For reference, I am following Chapter VII of John B. Conway's "A Course in Functional Analysis" (Second Edition). According to the author the fact that $\mathbb{R}$ and $\widehat{\mathbb{R}}$ are homeomorphic is easy to prove, but I've been thinking about this for two days straight and I've honestly ran out of ideas. Maybe I'm just too dumb to see it, I don't know. But I would really appreciate your help.
A net $(y_k)_{k \in K}$ such that $e^{ixy_k} \to 1$ pointwise need not converge to $0$.
Take an arbitrary finite set $\{ x_{\nu} : 1 \leqslant \nu \leqslant n\} \subset \mathbb{R}$ and consider the point $$\xi = (e^{ix_1}, \dotsc, e^{ix_n}) \in T^n\,.$$ Since $T^n$ is compact, the sequence $(\xi^m)_{m \in \mathbb{N}}$ has a limit point $\eta$. Then for every $\varepsilon > 0$ there are infinitely many $m \in \mathbb{N}$ with $\lvert e^{ix_{\nu}m} - \eta_{\nu}\rvert < \varepsilon$ for all $\nu$. Taking two such $m$, we see that there are arbitrarily large integers $r = m_1 - m_2$ such that $\lvert e^{ix_{\nu}r} - 1\rvert < 2\varepsilon$ for $1 \leqslant \nu \leqslant n$.

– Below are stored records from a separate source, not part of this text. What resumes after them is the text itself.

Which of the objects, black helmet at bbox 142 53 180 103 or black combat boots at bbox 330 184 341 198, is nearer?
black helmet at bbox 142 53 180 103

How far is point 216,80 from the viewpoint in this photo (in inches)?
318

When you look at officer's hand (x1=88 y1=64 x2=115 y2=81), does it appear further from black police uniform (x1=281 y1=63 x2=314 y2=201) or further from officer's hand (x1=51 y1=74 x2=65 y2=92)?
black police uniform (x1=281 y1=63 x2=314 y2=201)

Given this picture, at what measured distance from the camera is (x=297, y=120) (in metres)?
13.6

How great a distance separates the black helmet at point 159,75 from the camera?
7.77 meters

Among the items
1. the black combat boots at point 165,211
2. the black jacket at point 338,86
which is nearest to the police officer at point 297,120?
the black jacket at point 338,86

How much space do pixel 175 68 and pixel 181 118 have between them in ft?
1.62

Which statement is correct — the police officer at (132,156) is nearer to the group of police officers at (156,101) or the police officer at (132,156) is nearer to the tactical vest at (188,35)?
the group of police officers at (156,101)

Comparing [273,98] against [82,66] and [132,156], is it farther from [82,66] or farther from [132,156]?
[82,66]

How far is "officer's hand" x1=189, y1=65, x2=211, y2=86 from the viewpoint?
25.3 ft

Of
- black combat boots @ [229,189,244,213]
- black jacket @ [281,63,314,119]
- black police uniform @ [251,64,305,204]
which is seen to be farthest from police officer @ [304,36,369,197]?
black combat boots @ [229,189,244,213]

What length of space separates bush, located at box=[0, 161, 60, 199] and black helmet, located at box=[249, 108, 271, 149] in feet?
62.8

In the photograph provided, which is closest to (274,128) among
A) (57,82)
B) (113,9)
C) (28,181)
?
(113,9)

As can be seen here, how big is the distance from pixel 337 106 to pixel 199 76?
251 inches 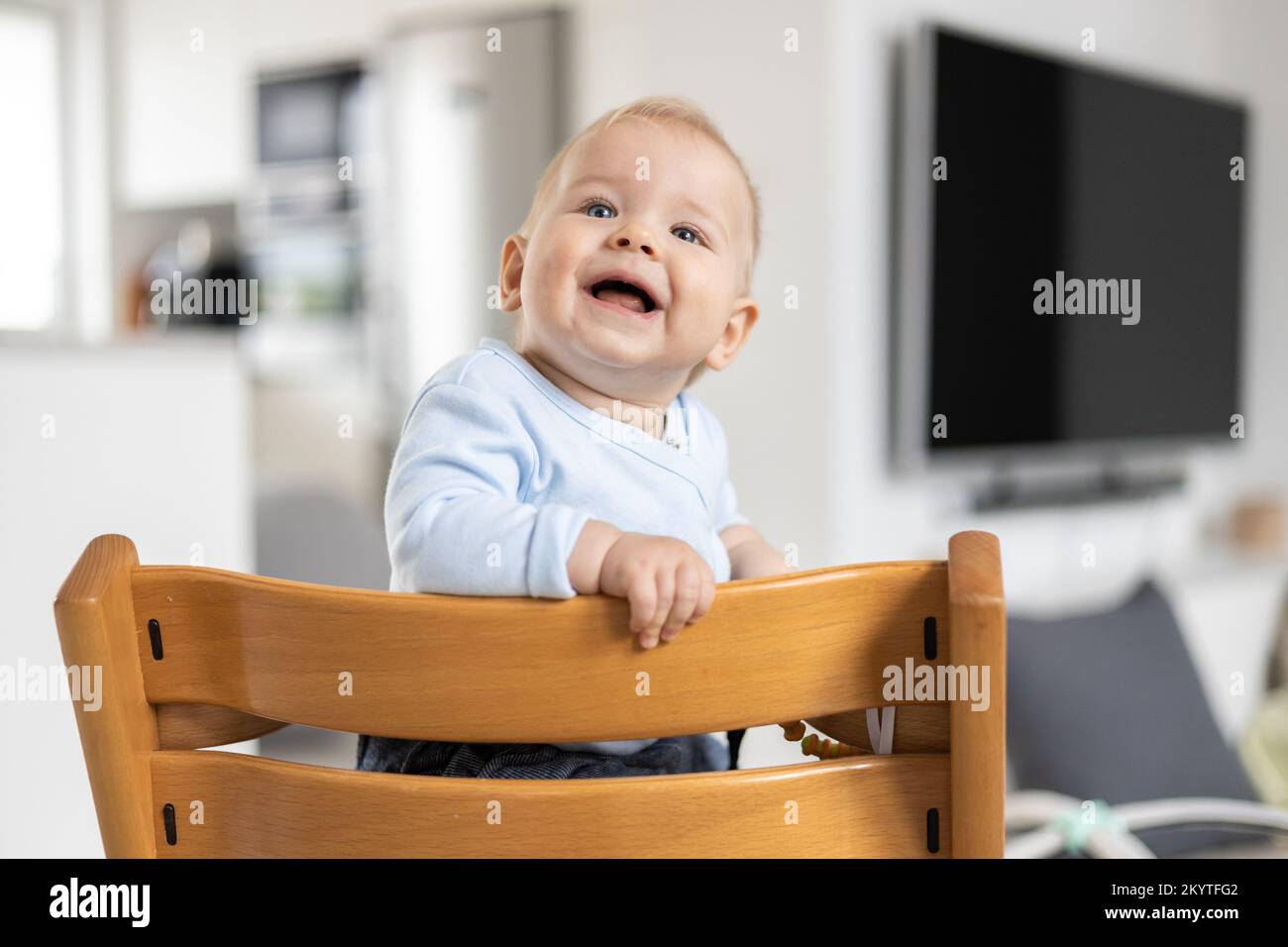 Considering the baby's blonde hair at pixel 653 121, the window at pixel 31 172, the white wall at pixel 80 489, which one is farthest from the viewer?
the window at pixel 31 172

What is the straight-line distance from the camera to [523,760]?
0.67m

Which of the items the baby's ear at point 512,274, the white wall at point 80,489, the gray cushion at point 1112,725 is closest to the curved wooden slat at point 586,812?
the baby's ear at point 512,274

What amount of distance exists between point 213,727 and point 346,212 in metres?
4.05

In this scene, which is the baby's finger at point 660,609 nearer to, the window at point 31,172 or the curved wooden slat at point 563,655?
the curved wooden slat at point 563,655

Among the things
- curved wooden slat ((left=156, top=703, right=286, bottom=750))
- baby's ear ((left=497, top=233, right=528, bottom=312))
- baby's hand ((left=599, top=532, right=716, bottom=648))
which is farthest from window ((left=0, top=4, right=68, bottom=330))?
baby's hand ((left=599, top=532, right=716, bottom=648))

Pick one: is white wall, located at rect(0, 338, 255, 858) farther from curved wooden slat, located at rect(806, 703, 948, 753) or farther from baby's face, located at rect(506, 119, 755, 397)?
curved wooden slat, located at rect(806, 703, 948, 753)

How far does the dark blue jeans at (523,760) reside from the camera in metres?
0.67

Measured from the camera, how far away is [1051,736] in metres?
1.98

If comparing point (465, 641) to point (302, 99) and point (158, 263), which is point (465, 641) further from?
point (158, 263)

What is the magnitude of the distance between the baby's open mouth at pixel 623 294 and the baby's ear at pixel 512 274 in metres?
0.12

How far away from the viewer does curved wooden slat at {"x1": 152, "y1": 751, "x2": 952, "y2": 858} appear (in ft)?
1.76

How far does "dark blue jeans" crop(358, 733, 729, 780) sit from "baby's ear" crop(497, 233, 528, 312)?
313mm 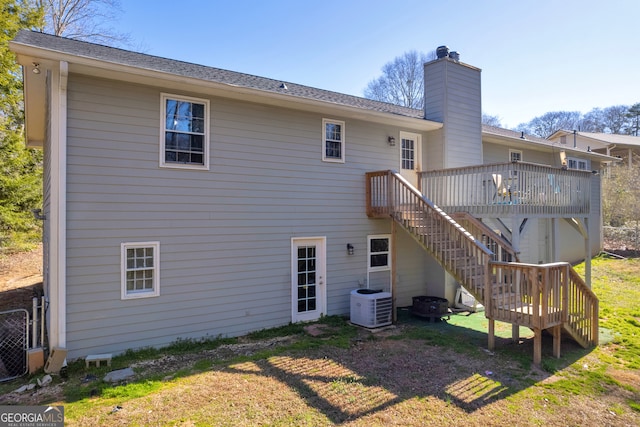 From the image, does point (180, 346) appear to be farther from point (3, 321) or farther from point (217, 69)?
point (217, 69)

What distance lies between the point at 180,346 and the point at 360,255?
459 cm

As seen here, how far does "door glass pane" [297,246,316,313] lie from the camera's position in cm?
826

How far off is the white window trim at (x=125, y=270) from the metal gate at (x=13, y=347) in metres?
1.34

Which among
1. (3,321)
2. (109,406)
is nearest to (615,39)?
(109,406)

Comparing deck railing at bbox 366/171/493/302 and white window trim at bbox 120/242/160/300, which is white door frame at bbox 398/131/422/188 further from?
white window trim at bbox 120/242/160/300

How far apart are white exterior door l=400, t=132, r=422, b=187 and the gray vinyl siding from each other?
1.38 m

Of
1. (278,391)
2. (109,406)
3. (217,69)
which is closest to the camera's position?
(109,406)

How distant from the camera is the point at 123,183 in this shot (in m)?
6.26

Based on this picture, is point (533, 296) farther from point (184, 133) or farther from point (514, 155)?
point (514, 155)

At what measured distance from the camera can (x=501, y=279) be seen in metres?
6.67

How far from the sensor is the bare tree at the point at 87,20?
57.7 ft

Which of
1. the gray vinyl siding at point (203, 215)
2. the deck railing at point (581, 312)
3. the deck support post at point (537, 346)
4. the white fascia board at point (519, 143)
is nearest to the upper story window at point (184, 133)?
the gray vinyl siding at point (203, 215)

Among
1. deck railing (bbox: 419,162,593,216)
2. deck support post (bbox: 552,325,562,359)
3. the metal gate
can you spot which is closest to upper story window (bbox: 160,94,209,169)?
the metal gate

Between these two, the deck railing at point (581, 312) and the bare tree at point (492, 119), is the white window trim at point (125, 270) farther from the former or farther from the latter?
the bare tree at point (492, 119)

Thus if we take for $K$ the directed set $\mathscr{F} \times (0,1) \times \mathbb{N}$, where $\mathscr{F}$ is the set of finite subsets of $\mathbb{R}$, and the preorder is given by $$(F_1, \varepsilon_1, m_1) \leqslant (F_2, \varepsilon_2, m_2) \iff F_1 \subseteq F_2 \land \varepsilon_2 \leqslant \varepsilon_1 \land m_1 \leqslant m_2$$ we obtain a net $(y_k)_{k \in K}$ such that $y_k \to +\infty$ and $e^{ixy_k} \to 1$ for all $x \in \mathbb{R}$ by setting $$y_{F, \varepsilon, m} = \min \{ \mu \in \mathbb{N} : \mu \geqslant m \land \lvert e^{ix\mu} - 1\rvert \leqslant \varepsilon \text{ for all } x \in F\}\,.$$
The topology of pointwise convergence is too coarse. You need to use the uniform convergence on compact sets, and the fact that $\mathbb{R}$ is locally compact. Thus convergence in $\widehat{\mathbb{R}}$ implies (is) locally uniform convergence, and for $a > 0$ the set of $y \in \mathbb{R}$ such that $\lvert e^{ixy} - 1\rvert \leqslant \varepsilon$ holds for all $x \in [-a,a]$ is (for small enough $\varepsilon$) easy to determine.